Help with recording image of record groove needed


I'm hoping that some of the scientifically savvy members of this forum might be of help resolving a professional dilemma. I work with a collaborative workshop that produces two and three dimensional art editions for artists who are invited to work with us. One artist we have a relationship with works with sound related projects and is exploring various ways to use the surface of a vinyl record as source material. One proposed project involves producing a video of a stylus tracing it's path through a record groove. Finding imaging/recording technology that works on this scale has proven difficult. Our workshop is part of a research university and we've exhausted most of our contacts with various science, engineering, and medical units of the college. Imaging explorations began with static images using scanning electron microscopes and atomic force microscopy. Once the project moved into video though, things have become difficult. We're trying to find a video recording technology that can be mounted underneath and behind the phono cartridge and create closely focused images of the record surface. Any ideas? If you can help, feel free to privately email me or answer in this forum. Thanks in advance.
photon46
Lots of luck! Consider the frame rate of video, or even slow motion photography. Then consider the frequency of audio.
The video image is the only thing we need to worry about now. Audio will be edited into the video separately. We're not even sure if the artist will want synchronicity between the visual imagery and the audio track.
[The video image is the only thing we need to worry about now. Audio will be edited into the video separately. We're not even sure if the artist will want synchronicity between the visual imagery and the audio track.]
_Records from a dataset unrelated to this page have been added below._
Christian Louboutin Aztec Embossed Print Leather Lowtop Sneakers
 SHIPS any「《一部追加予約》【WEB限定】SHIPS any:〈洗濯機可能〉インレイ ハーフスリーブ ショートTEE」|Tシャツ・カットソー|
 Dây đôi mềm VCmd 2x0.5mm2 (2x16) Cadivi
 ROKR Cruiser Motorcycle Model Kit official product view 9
I think you misunderstand. What Eldartford is telling you is that you'll never capture the movement of the stylus in the groove, because it is moving at frequencies (audio) which are much higher than the frame rate of the video equipment (neglecting the problem of the magnification required).

How are you going to capture the stylus tracing a groove which is modulating at 1kHz, if the video eqpt is only capable of capturing 60 frames/second (60Hz)? Never mind the frequencies up to 15kHz.

Actually, if you could focus on the stylus/groove, you would be getting a series of stills, which when played back would look like stop motion photography.
The artist isn't imposing a preconceived idea of how the video should look. I understand what limitations frame speed vs. stylus modulation impose. I rather suspect the effect, if possible to capture at all, would be like sequenced stop motion photos that would remind one of the films you see when an Olympic luger is hurtling down the luge run with a helmet cam. Very choppy, vertigo inducing cinema.
I should also add that in anticipation of frequency specific problems, we planned to use some of the test lps one can find with with silent grooves, low frequency tones, etc.
most video is 30 frames per second.........won't do!